1. Encoder read a sentence (source language) and output its final states, $h_t$ and $c_t$.
2. Take the [star] sign "\t" and the final state $h_t$ and $c_t$ as input and run the decoder.
3. Get the new states and predicted probability distribution.
4. sample a char from the predicted probability distribution
5. take the sampled char and the new states as input and repeat the process (stop if reach the [stop] sign "\n").

In [21]:
# Reverse-lookup token index to decode sequences back to something readable.
reverse_input_char_index = dict((i, char) for char, i in input_token_index.items())
reverse_target_char_index = dict((i, char) for char, i in target_token_index.items())

In [22]:
def decode_sequence(input_seq):
    states_value = encoder_model.predict(input_seq)
    
    target_seq = numpy.zeros((1, 1, num_decoder_tokens))
    target_seq[0, 0, target_token_index['\t']] = 1.

    stop_condition = False
    decoded_sentence = ''
    while not stop_condition:
        output_tokens, h, c = decoder_model.predict([target_seq] + states_value)

        # this line of code is greedy selection
        # try to use multinomial sampling instead (with temperature)
        sampled_token_index = numpy.argmax(output_tokens[0, -1, :])
        
        sampled_char = reverse_target_char_index[sampled_token_index]
        decoded_sentence += sampled_char

        if (sampled_char == '\n' or
           len(decoded_sentence) > max_decoder_seq_length):
            stop_condition = True

        target_seq = numpy.zeros((1, 1, num_decoder_tokens))
        target_seq[0, 0, sampled_token_index] = 1.
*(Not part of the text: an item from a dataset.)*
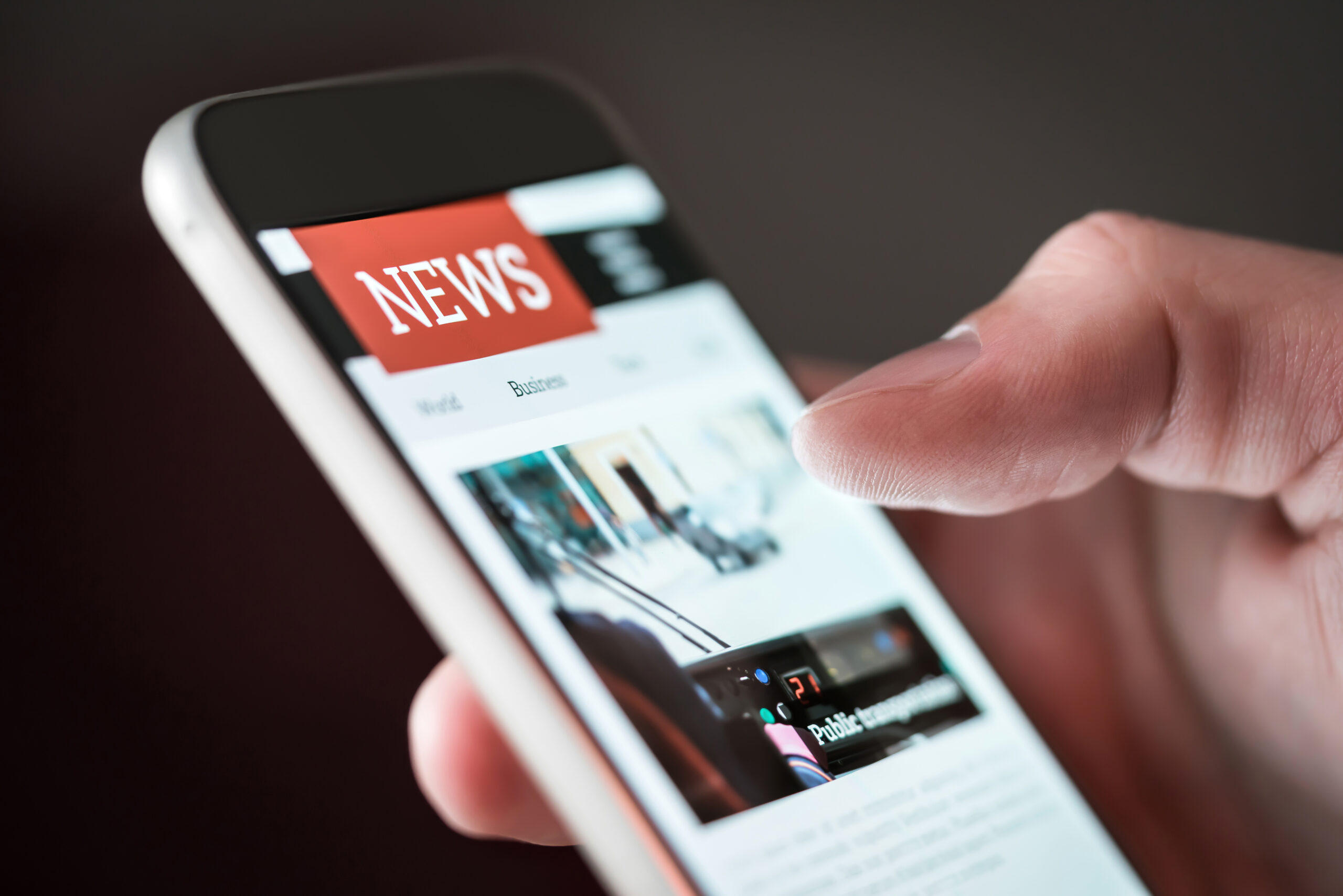 Mobile news application in smartphone. Man reading online news o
        states_value = [h, c]

    return decoded_sentence


In [29]:
for seq_index in range(10100, 10120):
    # Take one sequence (part of the training set)
    # for trying out decoding.
    input_seq = encoder_input_data[seq_index: seq_index + 1]
    decoded_sentence = decode_sequence(input_seq)
    print('-')
    print('English:       ', input_texts[seq_index])
    print('French (true): ', target_texts[seq_index][1:-1])
    print('French (pred): ', decoded_sentence[0:-1])


-
English:        i want to swim
French (true):  je veux nager
French (pred):  je veux des ander
-
English:        i want to talk
French (true):  je veux parler
French (pred):  je veux parler
-
English:        i want to talk
French (true):  je veux discuter
French (pred):  je veux parler
-
English:        i want to wait
French (true):  je veux attendre
French (pred):  je veux des atiles
-
English:        i want to walk
French (true):  je veux marcher
French (pred):  je veux parler
-
English:        i want to work
French (true):  je veux travailler
French (pred):  je veux parler
-
English:        i wanted to go
French (true):  je voulais y aller
French (pred):  je voulais partir
-
English:        i wanted to go
French (true):  je voulais partir
French (pred):  je voulais partir
-
English:        i was a doctor
French (true):  jetais medecin
French (pred):  jetais malheureux
-
English:        i was a member
French (true):  jetais membre
French (pred):  jetais malheureux
-
English:       

### 4.2. Translate an English sentence to the target language

1. Tokenization
2. One-hot encode
3. Translate

In [28]:
input_sentence = 'i love you'

input_sequence = []
for char in input_sentence:
    input_sequence.append(input_token_index[char])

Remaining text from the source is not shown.